A qualitative and quantitative investigation into ethno-cultural framing of trauma in Cambodia : baksbat (broken courage), a Cambodian trauma syndrome akin to PTSD
posted on 2017-05-18, 02:07authored byChhim, Sotheara
The impact on the human psyche, body and emotions in those who endure major
traumatic events is well documented, regardless of whether trauma is human induced or the
result of natural disasters. In particular, symptoms leading to depression, anxiety, and
posttraumatic stress disorder (PTSD) have been linked to traumatic events. PTSD was
developed in the United States initially following the documentation of traumatic symptoms in
Vietnam veterans after they returned home from the war. Similarly, the diagnosis of PTSD is
widely used across Asian countries, and in Cambodia specifically. PTSD diagnoses are
reinforced in medical, clinical and academic training programmes, as well as in research
designs and outcomes. More profoundly, the diagnosis of PTSD was highlighted by foreign
experts after their psychiatric, forensic evaluation of survivors of the Khmer Rouge genocide;
their findings underscored testimonies during hearings in the Extraordinary Chambers in the
Courts of Cambodia (ECCC). This study set out initially to determine the discrepancy between
descriptive analyses of PTSD, and lived experiences of Cambodian survivors of the Khmer
Rouge.
Despite studies on idioms of distress in non-Western cultures, few ethno-cultural
studies capture fully the trauma response set of symptoms in the context of Cambodians’ postgenocide history. Given the dearth of assessment infrastructure for the Cambodian context, this study was designed with three objectives: 1) to explore the meaning of trauma and the ethnocultural range of responses to distress, including baksbat (broken courage) for those living
inside Cambodia; 2) to develop and validate an inventory to measure ethno-cultural conditions
and expressions of baksbat; and 3) to increase the cultural competency in particular on baksbat
to local and foreign mental health workers who are practicing and researching in Cambodia.
This study used a progression of qualitative and quantitative mixed-methods that started
with ethnographic interviews and focus groups in order to unfold the ethno-cultural meaning of
trauma; validation of the inventory followed. The focus group discussions were conducted with
53 experts in order to understand the baksbat domain from their overlapping and individual
perspectives of context, content, and process. Thematic analysis of the interview data assisted the item development of the first inventory designed to measure the baksbat complex. That
inventory for baksbat was administered to a clinical sample inside Cambodia in order to
validate the clustering of items. Cambodian psychiatric research is validated mostly on former
refugee populations residing outside Cambodia, so a baseline sample taken from inside the
country was essential to its cultural reliability.

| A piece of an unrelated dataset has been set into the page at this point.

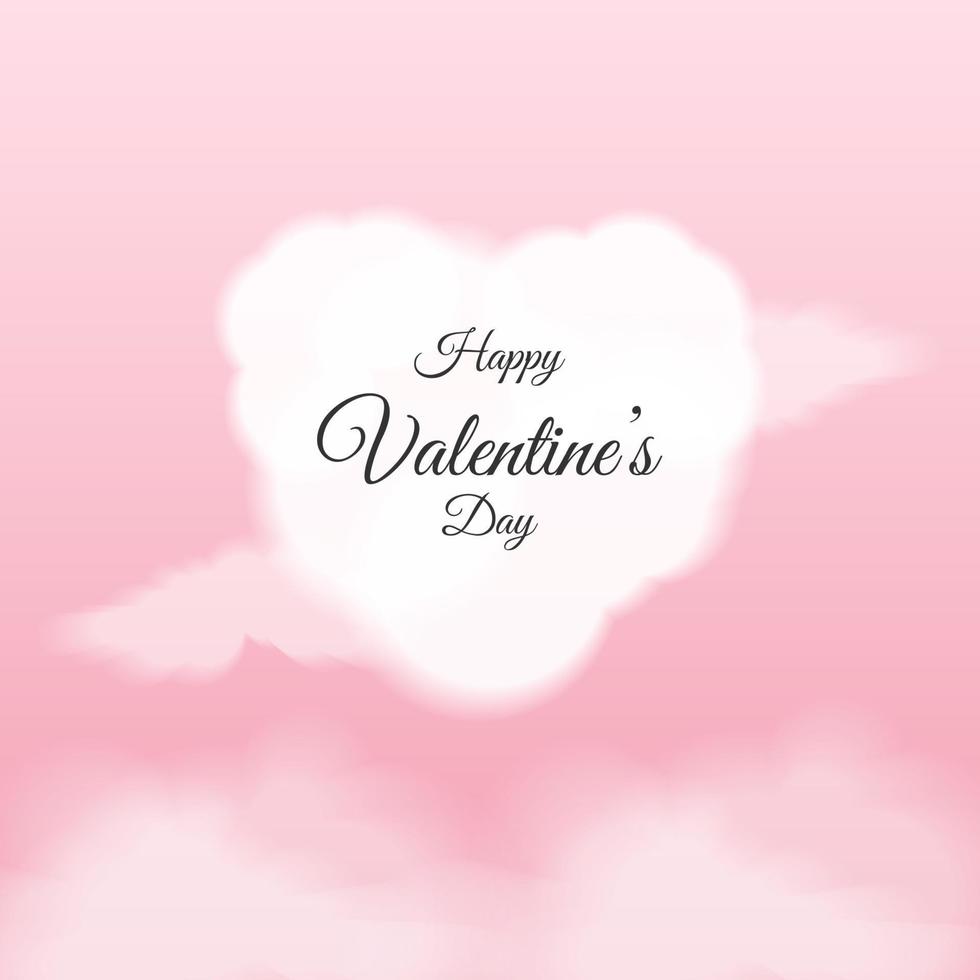 Minimal Valentine's day greeting with heart shape cloud vector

From these objectives, the author published three related articles in peer reviewed
journals that are attached inside the thesis. The first article was about the understanding and the analysis of the ethno-cultural concept of baksbat from a social, historical, political, medical and etymological perspective. The author also compared the overlapping symptoms between
baksbat and PTSD in terms of symptomatology, causation, and treatment. The second article
described the development and validation of the baksbat inventory using statistical measures,
exploratory factor analysis (EFA) to explore the factor loading, and confirmatory factor
analysis (CFA) to confirm the validity of the inventory. This article establishes the
development and validation of the baksbat inventory. The third article was written about the
application of baksbat as an ethno-cultural condition. Herein, its use offered real practice
potential in forensic, clinical, research, and education about transcultural trauma in Cambodia.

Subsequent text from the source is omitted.